I have been in conversation with that Dave Cormier, I found myself on a recent walk out in the countryside near where I live looking around and saying to myself “that’s a rhizome, and that’s a rhizome, and that’s a rhizome…” But also I have been working with colleagues around thinking about education visions (yes plural) for 10 years hence. And in conversation with Cormier you will be unsurprised to read that one of the principles we thought about, that should be at the heart of a vision, is:

The value in education comes through engagement and experience. Content loses its primary place of importance in an age of information abundance; learning is a collaborative and social endeavour.

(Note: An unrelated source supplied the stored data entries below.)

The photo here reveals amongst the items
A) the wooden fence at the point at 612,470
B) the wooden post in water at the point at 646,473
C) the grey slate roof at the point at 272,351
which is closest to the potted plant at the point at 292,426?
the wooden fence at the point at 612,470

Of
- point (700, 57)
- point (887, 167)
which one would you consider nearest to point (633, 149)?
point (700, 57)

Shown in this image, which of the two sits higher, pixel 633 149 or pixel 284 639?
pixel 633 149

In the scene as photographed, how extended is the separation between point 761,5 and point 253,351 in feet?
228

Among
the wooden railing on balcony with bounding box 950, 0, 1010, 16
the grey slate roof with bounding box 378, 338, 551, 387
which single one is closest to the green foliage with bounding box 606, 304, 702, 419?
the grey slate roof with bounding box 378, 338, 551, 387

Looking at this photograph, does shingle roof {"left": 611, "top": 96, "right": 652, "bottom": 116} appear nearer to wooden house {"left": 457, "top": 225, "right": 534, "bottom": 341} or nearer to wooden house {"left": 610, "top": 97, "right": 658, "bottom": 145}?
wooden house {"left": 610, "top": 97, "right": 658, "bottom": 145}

Peter Bryant flagged an article for me this week in Educause Review. It looks at online learning and where we are now. There is an excellent quote in there that spoke to my own feelings around people who keep referring to “Our online pivot”.

The authors contrast “emergency remote teaching (ERT)” (our current provision) with     experiences that are planned from the beginning and designed to be online. They point out right now the purpose is not to “re-create a robust educational ecosystem but rather to provide temporary access to instruction and instructional supports” in a time of crisis. And they argue that this is essential, so that we can divorce what is happening now from “online learning”.

We have stories of many students without their own laptops, of shared devices, of having no wifi, and many other access issues. There is a large cohort of students out there who, no matter what “Pivot Rhetoric” you are pushing, can not engage in their education. And I will do harm to the next learning tech who tells me that their students can access Moodle on a phone. In fact if that is an answer, then you should be made to do your whole job on a phone for a year and see how it feels.

By and large (and there are exceptions) when we look at the rhetoric of “Pivot to online” we find that those who are hailing its “success” are really only looking at the surface of the move – and the metrics around that success are vastly simplified. When you dig into some of these responses you see that a lot of success is judged by things like “we got our content online”. And more importantly the success of the “pivot” is judged from the institutional, the “transmission”, perspective.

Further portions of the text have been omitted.